(WORKING DATA)

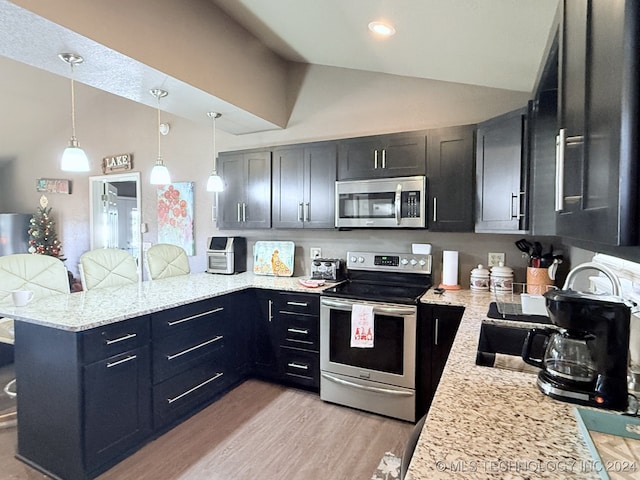 kitchen featuring lofted ceiling, hanging light fixtures, stainless steel appliances, light stone counters, and kitchen peninsula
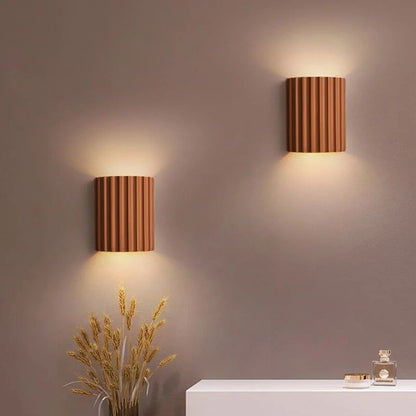 Two cylindrical wall lights on a neutral wall with decorative elements.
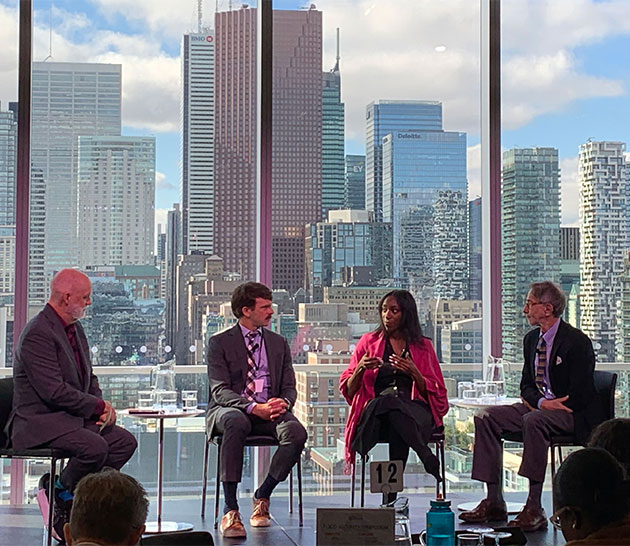 Three panelists and one moderator seated talking to each other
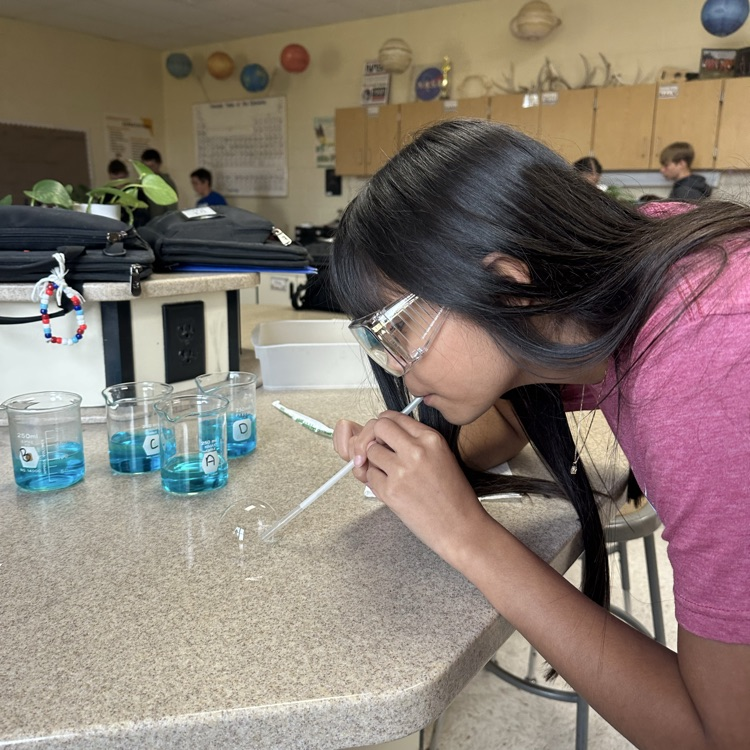 student blowing bubbles during bubble buster lab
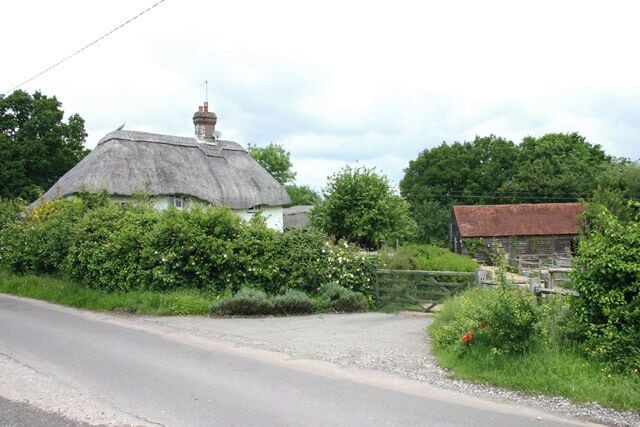 Thatched cottage and outbuilding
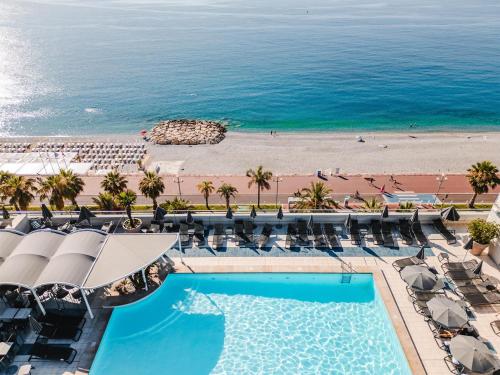 an aerial view of a resort with a beach at Radisson Blu Hotel Nice in Nice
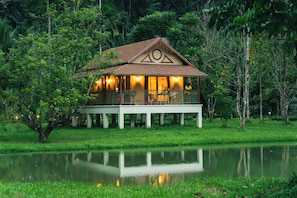A bungalow with a balcony, surrounded by lush greenery and a body of water. - Lost Horizon Resort - Khao Sok (Phanom)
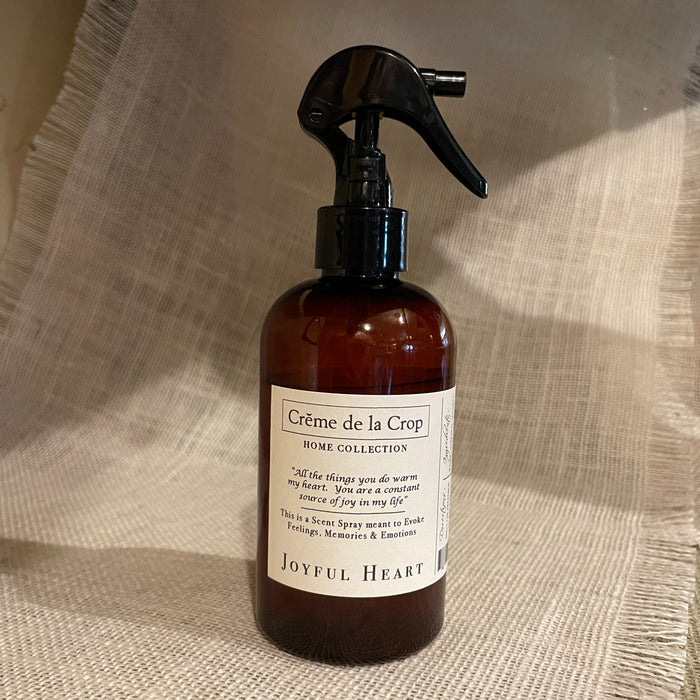 Joyful Heart Essential Oil Room Spray, 8 oz in an amber trigger-spray bottle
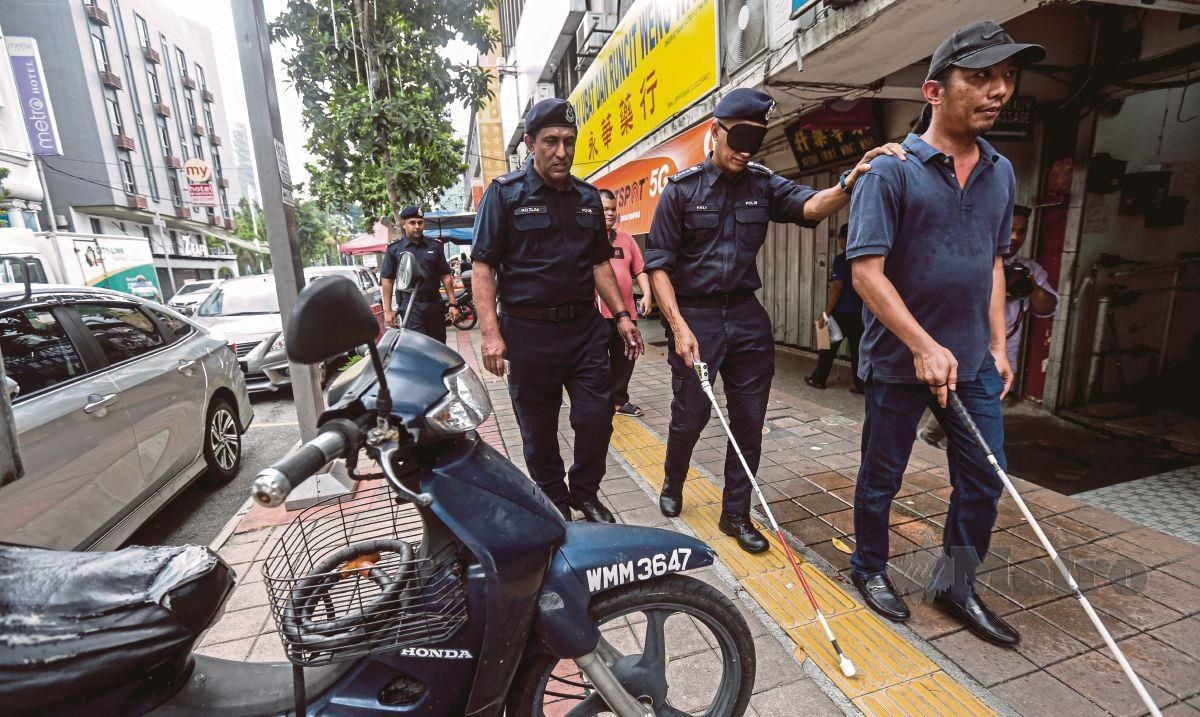 Shuhaily Mohd Zain menyantuni warga OKU penglihatan di sekitar jalan Jalan Tun Sambathan pada progran santuni warga OKU penglihatan bersama Ketua Polis Kuala Lumpur. FOTO HAZREEN MOHAMAD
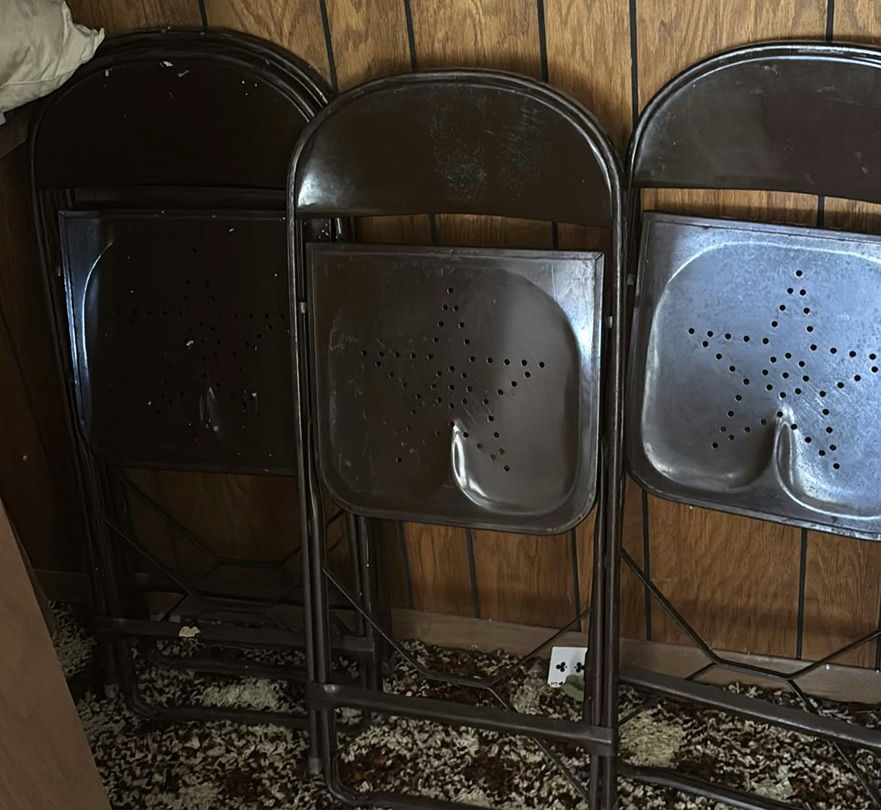 Stacked metal folding chairs - image 6 of 6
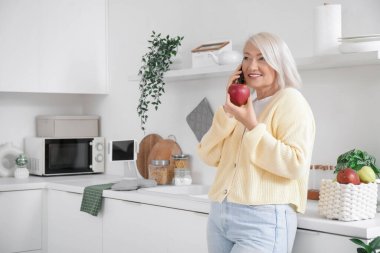Elma tutan ve mutfakta cep telefonuyla konuşan olgun bir kadın.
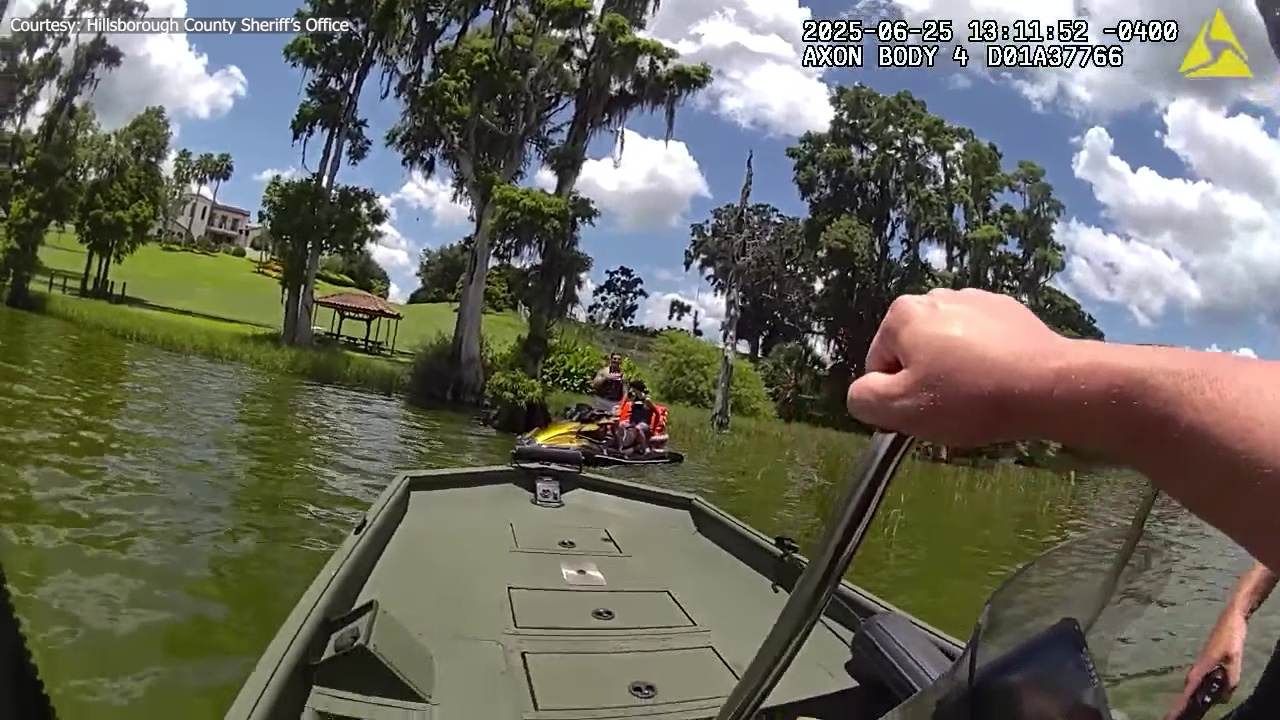 2 rescued from gator-infested waters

(End WORKING DATA)

ASSIGNMENT —
Please transcribe word for word the lines from the one bearing "Shuhaily Mohd Zain" through the last line of the records above, omitting the pictures.

OUTPUT FOR THIS TASK —
 Shuhaily Mohd Zain menyantuni warga OKU penglihatan di sekitar jalan Jalan Tun Sambathan pada progran santuni warga OKU penglihatan bersama Ketua Polis Kuala Lumpur. FOTO HAZREEN MOHAMAD
 Stacked metal folding chairs - image 6 of 6
Elma tutan ve mutfakta cep telefonuyla konuşan olgun bir kadın.
 2 rescued from gator-infested waters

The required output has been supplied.